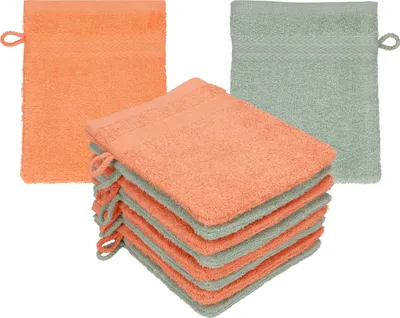 Produktbild von Betz 10 Stück Waschhandschuhe 16x21 cm PREMIUM 100% Baumwolle  Farbe: blutorange - heugrün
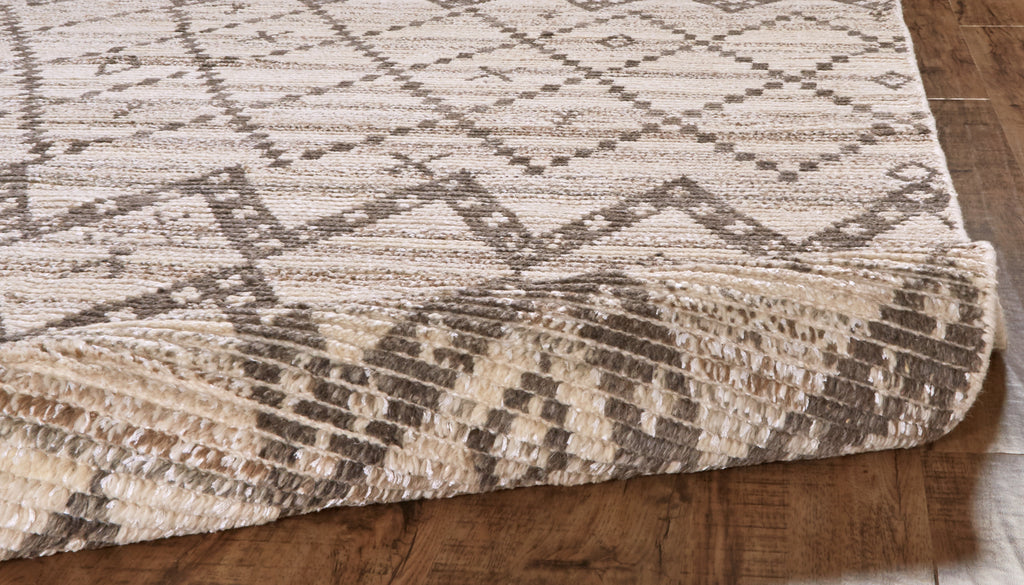 Twain Transitional Diamond Ivory Gray Taupe Area Rug (9'6" x 13'6")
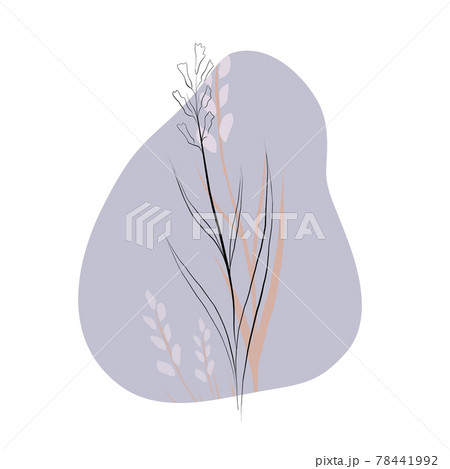 Delicate illustration of outline sketch of wild flowers on gentle pastel color spot. Vector natural contour fashion drawing. Delicate illustration of outline sketch of wild flowers on gentle pastel color spot. Vector natural contour fashion drawing. 78441992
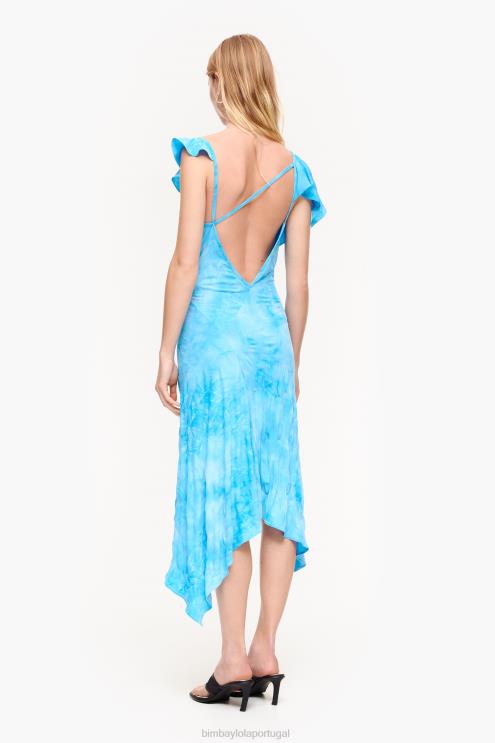 azul roupas 64X4N191 vestido midi fluido Bimba Y Lola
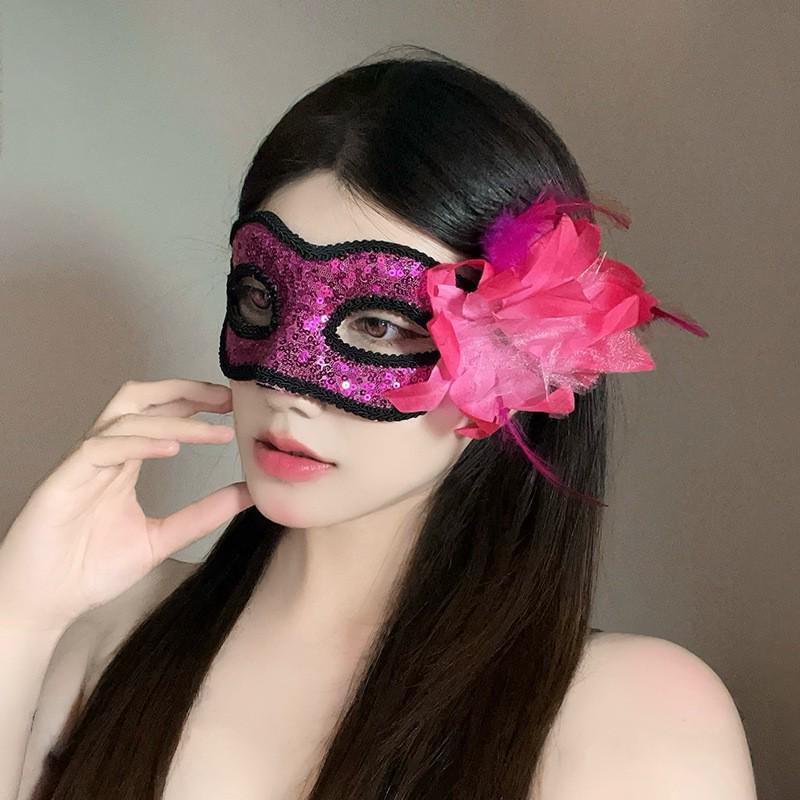 Сексуальная кружевная полумаска с перьями - аксессуар для макияжа на Хэллоуин и маскарада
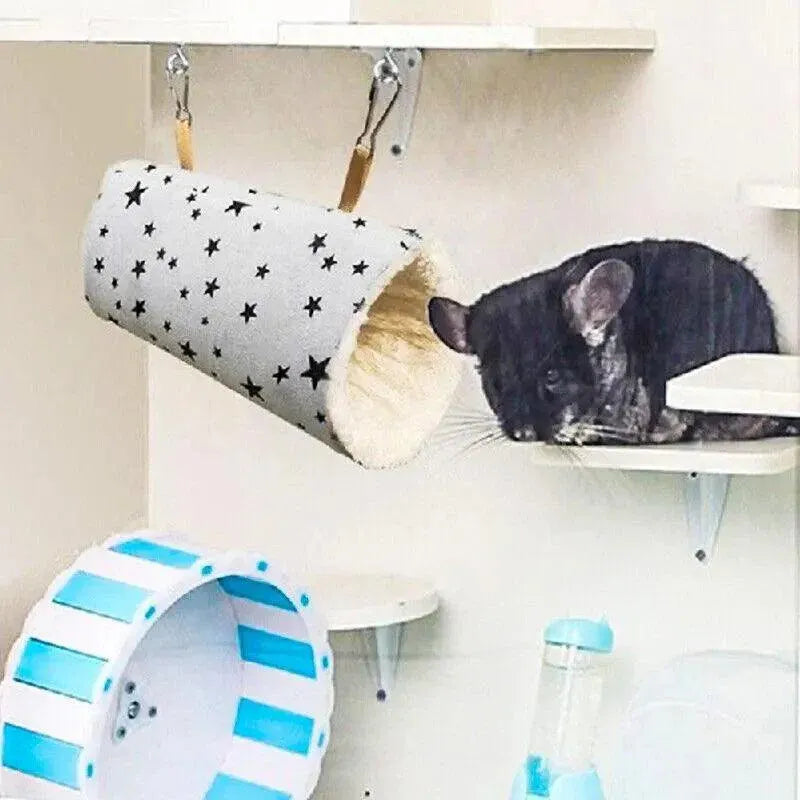 Pet Tunnel Hammock Linen Plush Cotton Cage Hanging Guinea Pig Hamster Warm Sleep - Yellow Duck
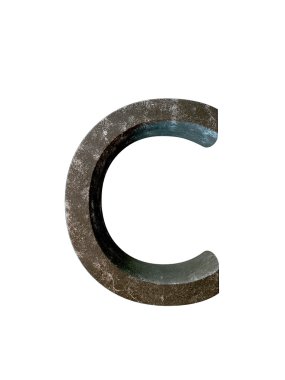 Metal alfabe. 3D render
========================
Set down word for word, from the line that contains "Сексуальная кружевная полумаска" to the end of the listing above, every line and no picture.

 Сексуальная кружевная полумаска с перьями - аксессуар для макияжа на Хэллоуин и маскарада
 Pet Tunnel Hammock Linen Plush Cotton Cage Hanging Guinea Pig Hamster Warm Sleep - Yellow Duck
 Metal alfabe. 3D render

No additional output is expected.